Jesus. The parable in the Gospel speaks of a householder who at the end of the day pays all his laborers the usual daily wage, those who’d worked 12 hours and those who’d worked only an hour. The parable focuses on the reaction of those who’d worked 12 hours and the response of the householder to this group: “Friend, I am doing you no wrong… Am I not allowed to do what I choose with what belongs to me? Or do you begrudge my generosity?”

What is this parable about? Why tell it? As a model for how householders ought to deal with day laborers? Any householder who followed this model would have great difficulty finding anyone willing to start earlier than mid-afternoon! Nevertheless, in light of the Exodus story, this parable does view work in relation to the satisfaction of human needs, for the usual daily wage represents the difference between a family with food and a family without food. And the householder acts so that the maximum number of families will have food. In other words, in the vision of this parable and of the Bible, to have resources implies a social obligation with regard to the needs in the community. It can never be the case that my only question is “How much can I get for my family?”

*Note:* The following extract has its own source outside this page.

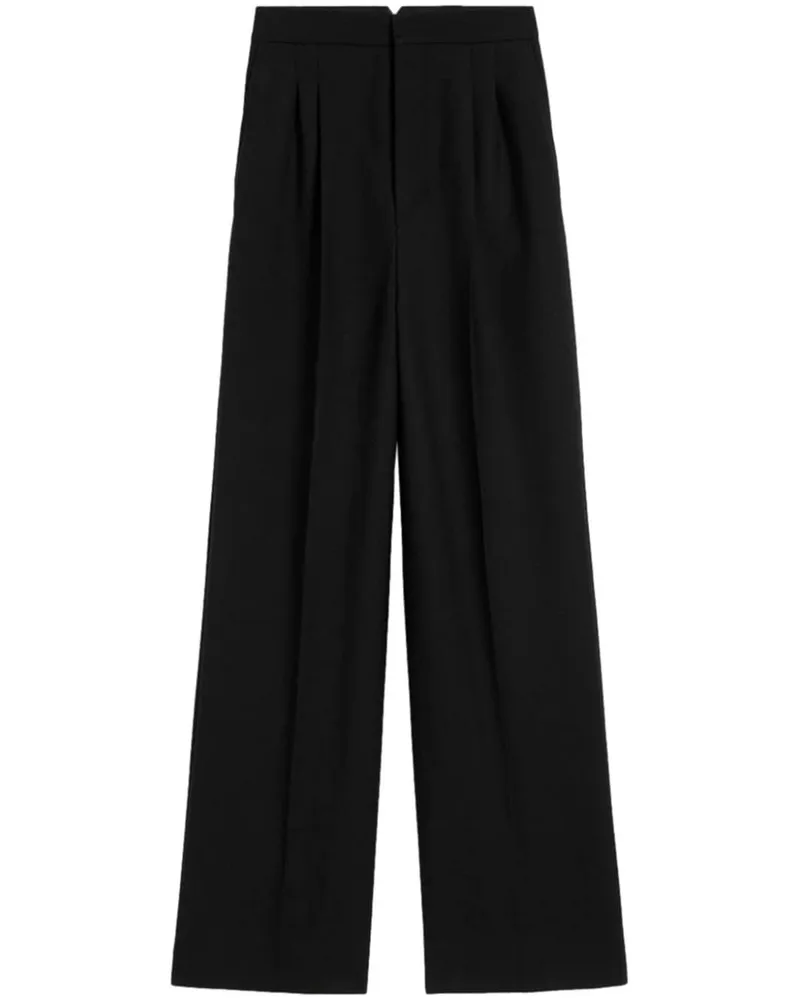 AMI Paris Hose mit weitem Bein - Schwarz Schwarz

The parable is about Kingdom Economics in another sense as well: what it takes to enter the kingdom. In Jesus’ time the Jews had served God for more than a thousand years, many times suffering persecution, bearing “the burden of the day and the scorching heat.” And the gentiles are about to enter into the service of this God. Are they going to receive the same reward, coming in at the last minute? Again, some individuals have served God from a very young age, bearing “the burden of the day and the scorching heat.” Others encounter God on their deathbed. Will these two groups receive the same reward? According to Jesus, yes. It’s about—again—the character of God. God wants the maximum number of folk with Him in eternity, and it is enough to respond to Jesus’ invitation, no matter the hour.

Some people believe that there’s too much in their past for them to turn seriously to God at this late hour. Our parable is also for them: God continues to seek us until the last hour. And if God is seeking us out, He’s also seeking me out.

I started out by noticing that which God we’re believing in is an important question. From the manna story and Jesus’ parable: how we do economics is a pretty good indicator of which God we believe in: the God of Moses or the gods of Pharaoh.

This being an election year, it’s tempting to end on this “to the ramparts” note! So I really need to remember one of Jesus’ most consistent and annoying themes: “You have heard that it was said, ‘You shall love your neighbor and hate your enemy.’ But I say to you, Love your enemies and pray for those who persecute you, so that you may be children of your Father in heaven; for he makes his sun rise on the evil and on the good, and sends rain on the righteous and on the unrighteous.” Do I love or hate those whose economics witness to a false god, and so authorize a ghastly alternative to the manna story? The prophet Micah describes their practitioners: those who “tear the skin off my people, and the flesh off their bones; who eat the flesh of my people, flay their skin off them, break their bones in pieces, and chop them up like meat in a kettle, like flesh in a caldron”? Do I love or hate? That too—that particularly—shows which God I’m trusting.